Akevler; işte bu mantığı terk ederek yıkmış, gerek kooperatif uygulamalarında gerekse seminerlerinde Kur’an’ı yeni bir şekilde yorumlama yolunu tutmuştur. Ancak sanıldığı veya ileri sürüldüğü gibi bu yeni yol kendisinin icat ettiği bir yol olmamıştır, olmaz. İzlenen yol, Ulu’l-azm yani azimet sahibi peygamberlerden olan Nuh’un, İbrahim’in, Musa’nın, Davut ile Süleyman’ın ve İsa’nın yollarıdır; bütün bu yolları tasdik eden, bir araya getirerek Arapça nazil olan Kur’an ile uygulayan, böylece I. Kur’an Uygarlığını tesis eden Son Nebi Muhammed’in yoludur.
Mehmet Koru, Peygamber Musa’nın tartıştığı, halk arasında Hızır diye bilinen, ona göre kötü olan ama Allah’ın ona imkânlar verdiği kimse olarak kabul ettiği bir kişiyle olan kıssayı bu varsayıma göre yorumlar, bana katılmadığını söyler. Bunu söylemekle sanki bana muhalefet ettiğini ifade etmiş olur. Oysa biz Kur’an’ın herkes tarafından farklı bir şekilde kendi anlayışına göre yorumlamasını ama yorumuna göre de amel etmesini öneririz. Biz kendi yorumumuzu başkasına dayatmayız. Başkaları da kendi yorumlarını bizlere dayatamazlar.
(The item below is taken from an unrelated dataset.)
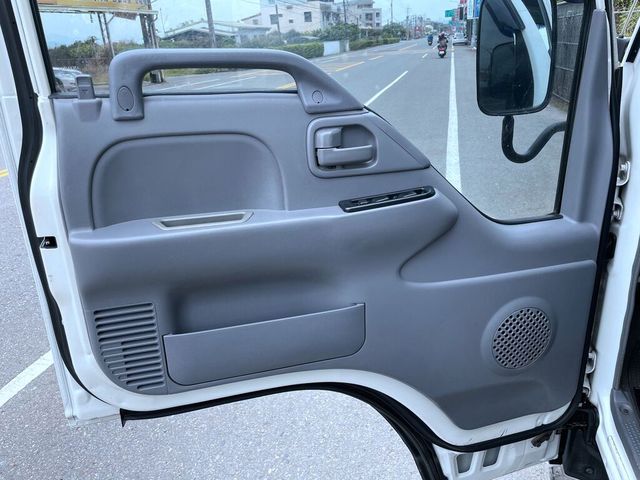 ISUZU五十鈴 ELF  第6張相片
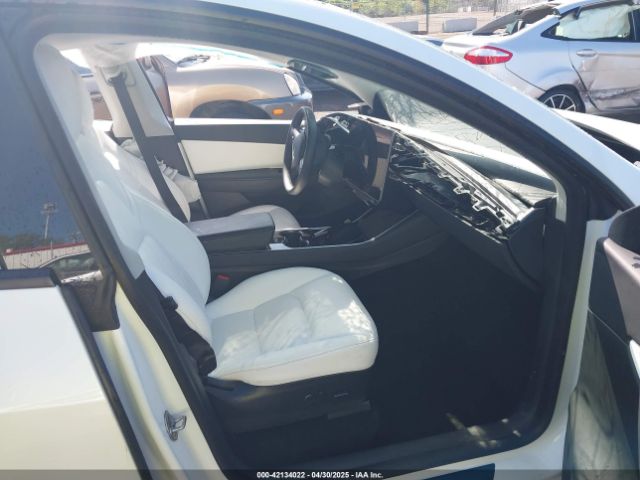 5YJYGDEF0MF076263 Tesla Model Y Performance Dual Motor All-wheel Drive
Temel ilke şudur; herkes kendi içtihadına göre hareket eder ve bu şekilde hareket etmesini herkes başkasından da ister; “Benim içtihadıma göre değil, senin kendi içtihadına göre hareket et.” der. İşte, birinci uygarlığı kuranlar, Ebu Hanife ve İmam Malik bu seviyeye ulaşmış insanlardır. İlk olarak onlar ulaşmış olduklarından dolayı bizden ileridedirler.
Bugün hala Akevler içinde bile bu gerçek tam olarak anlaşılamaz. Bizler söyleriz, herkes işitir ama sonra bir bakarsınız herkes başkalarını kendi içtihadına uydurmaya çalışır.
İşte, Yenibosna Kur’an Seminerlerine katılıp sonra ayrılanlar da bunlardandır.
Hakk’a rücu etmelerine davet ederiz.